**What the task asks**
Skip the pictures and write out, word for word, the lines below from the one with "Night-time view of" through the one with "Aerial view of", inclusive.

= = = = = = =

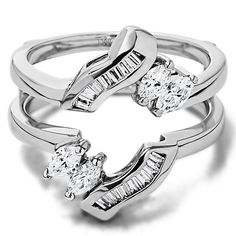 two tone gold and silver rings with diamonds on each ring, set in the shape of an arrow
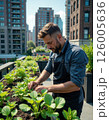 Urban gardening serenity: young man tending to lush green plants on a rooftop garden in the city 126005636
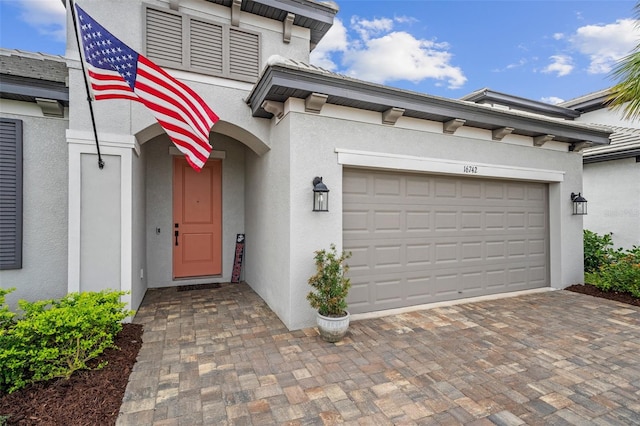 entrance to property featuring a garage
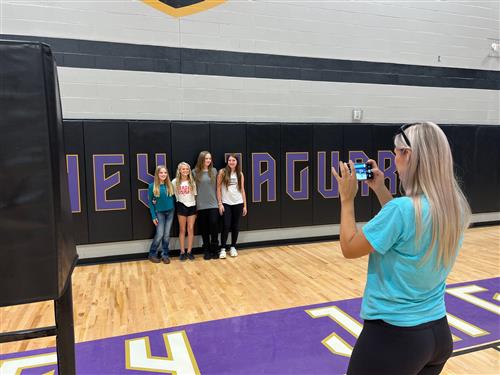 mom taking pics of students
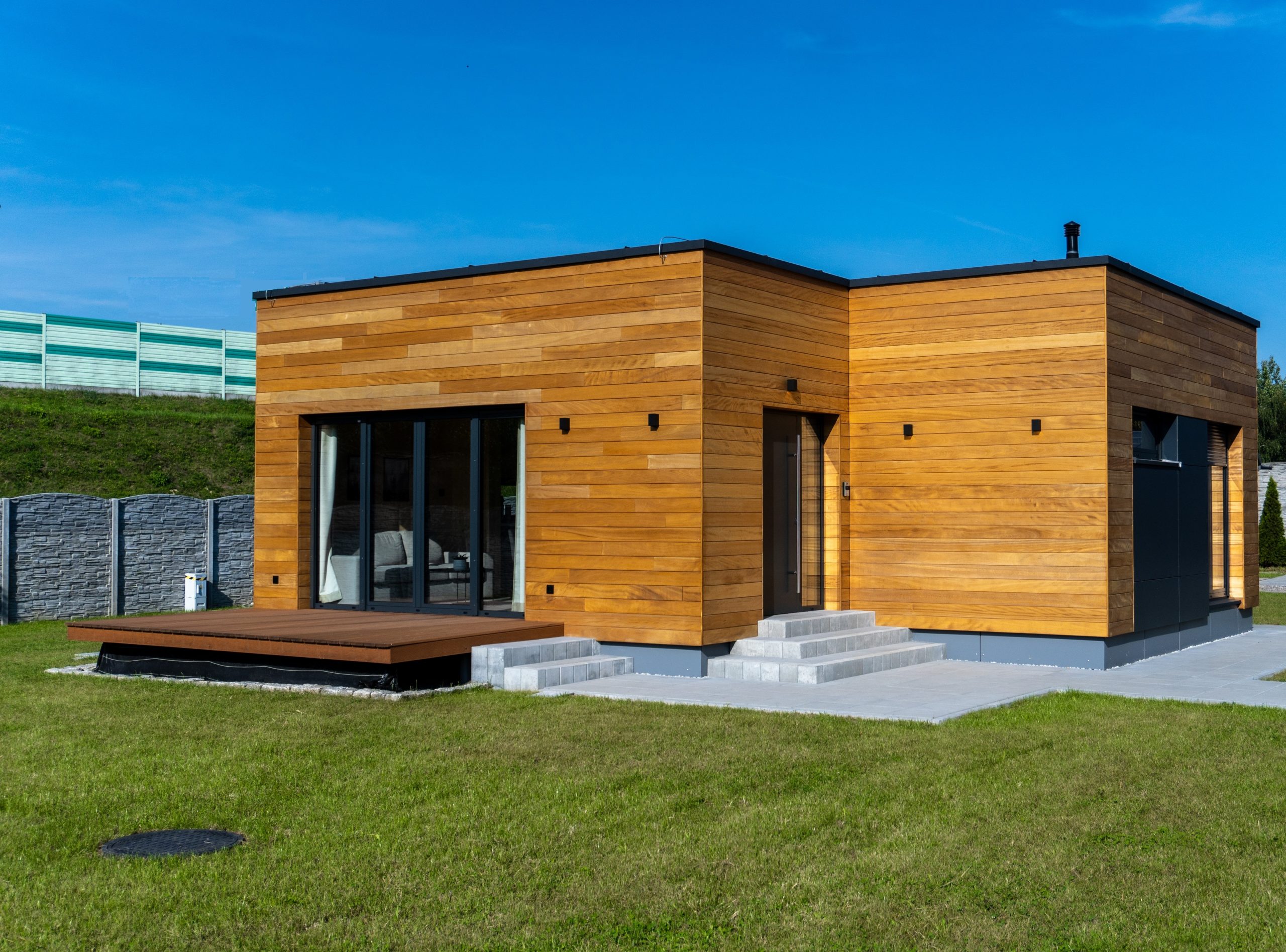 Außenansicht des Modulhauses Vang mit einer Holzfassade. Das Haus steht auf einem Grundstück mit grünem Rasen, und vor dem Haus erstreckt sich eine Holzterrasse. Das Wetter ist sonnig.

= = = = = = =

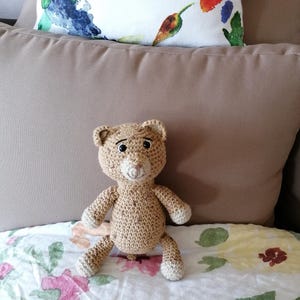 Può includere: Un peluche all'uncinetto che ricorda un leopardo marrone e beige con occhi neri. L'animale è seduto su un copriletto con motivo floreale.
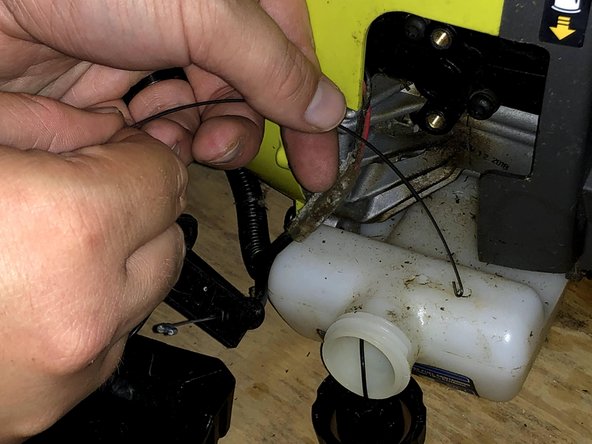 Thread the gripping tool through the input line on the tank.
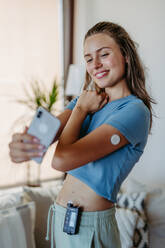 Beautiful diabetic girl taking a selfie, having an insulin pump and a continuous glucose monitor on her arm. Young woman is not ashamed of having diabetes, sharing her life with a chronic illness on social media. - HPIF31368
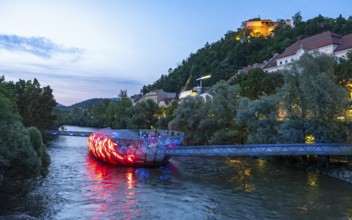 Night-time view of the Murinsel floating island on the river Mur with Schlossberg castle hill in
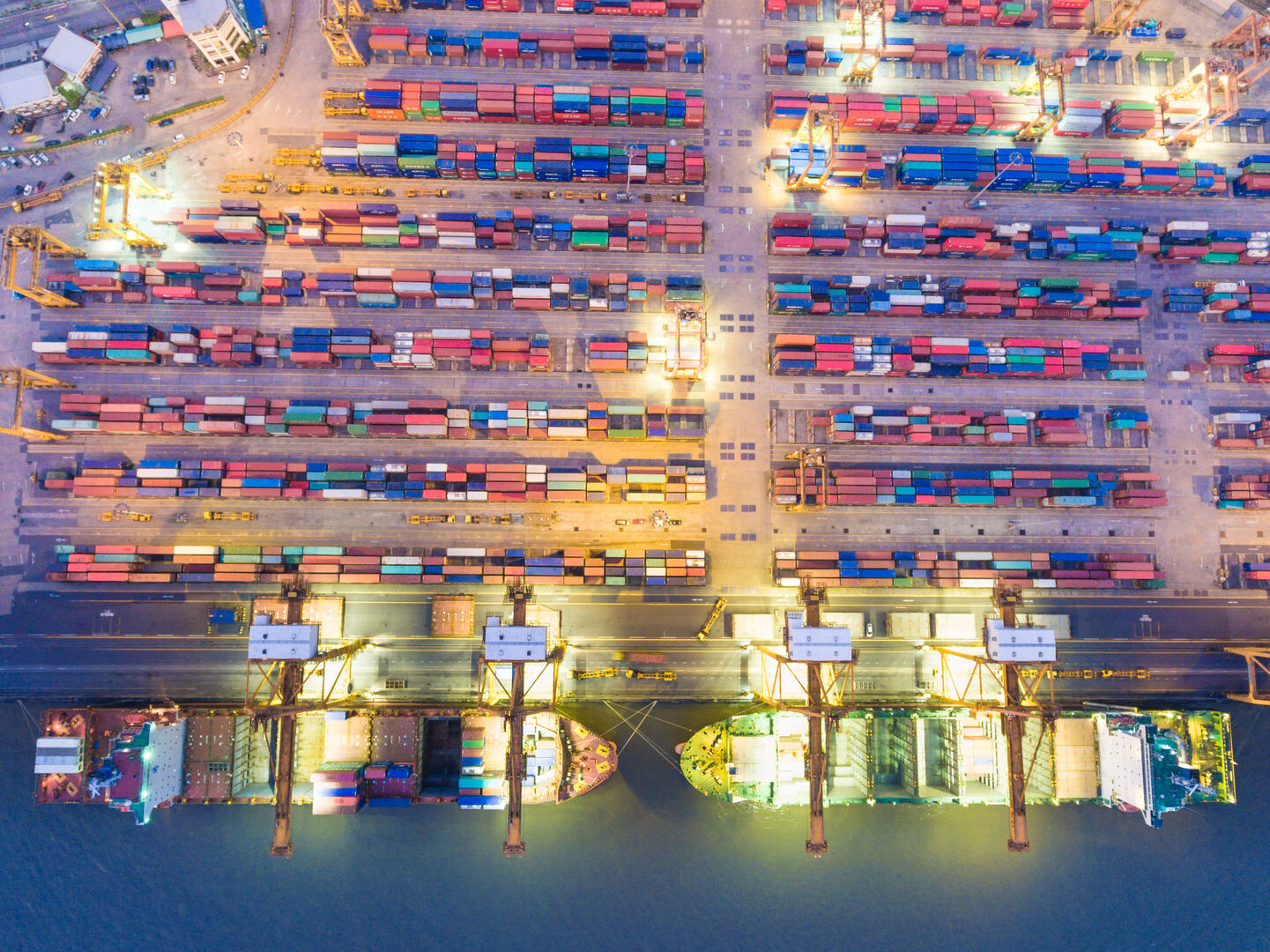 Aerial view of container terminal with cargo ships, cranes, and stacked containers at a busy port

= = = = = = =

**Response box**
 Night-time view of the Murinsel floating island on the river Mur with Schlossberg castle hill in
 Aerial view of container terminal with cargo ships, cranes, and stacked containers at a busy port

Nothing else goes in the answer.